The guilt of putting Ronald in jail for that period of time, reverberates in Jennifer’s soul and the guilt kills her inside.  “I looked around the den, at the photos of my three children smiling back at me from the walls, and a picture of Vinny and me on our wedding day.  Eleven years.  How do eleven years pass when you are locked up for a crime you didn’t commit? I couldn’t begin to imagine.  For me, they were eleven years measured in birthdays, first days of school, Christmas morning.  Ronald Cotton and I were exactly the same age, and he had none of those things because I’d picked him.  He’d lost eleven years of time with his family, eleven years of falling in love, getting married, having kids.  He looked forlorn on the television, hurt and bewildered.  The guilt suffocated me.”[4] Jennifer makes a bold decision to meet the person that she sent to jail as a criminal that was in fact innocent.

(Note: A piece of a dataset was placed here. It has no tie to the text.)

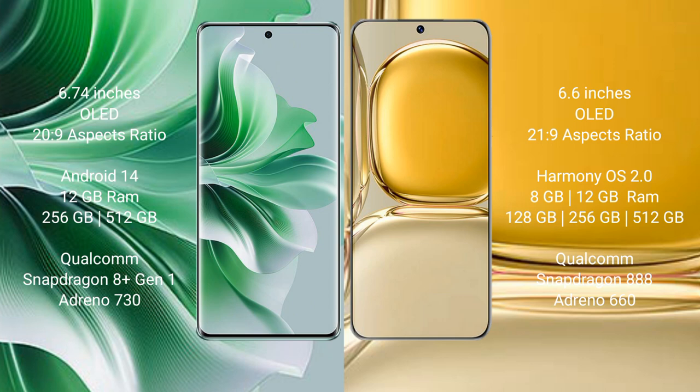Huawei P50 Pro comes with 8GB or 12GB RAM and 128GB, 256GB internal storage. It is powered by the Qualcomm Snapdragon 888 processor with Adreno 660 GPU.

“Jennifer asked me questions about life in prison, how I had survived.  She also asked me how my life had been since I had gotten out, how I was getting along.  I had to believe God had a plan,” I said, “and that this miscarriage of justice would one day be revealed.  I used to read the Book of Psalms a lot.”[5] God is mighty and just, this book gives one of the most contemporary true stories of redemption and justice.  Upon meeting Ronald, Jennifer embraces him.  “All I could think was: Had I really just been in the arms of the man I had accused of raping me?”[6]

Theological Reflection:

I will let Scripture speak:

Exodus 23:1-3, 6-7

1 “Do not spread false reports. Do not help a wicked man by being a malicious witness.  2 Do not follow the crowd in doing wrong. When you give testimony in a lawsuit, do not pervert justice by siding with the crowd, 3 and do not show favoritism to a poor man in his lawsuit… 6 “Do not deny justice to your poor people in their lawsuits. 7 Have nothing to do with a false charge and do not put an innocent or honest person to death, for I will not acquit the guilty.”

Psalm 9:7-9

7 The LORD reigns forever;
he has established his throne for judgment.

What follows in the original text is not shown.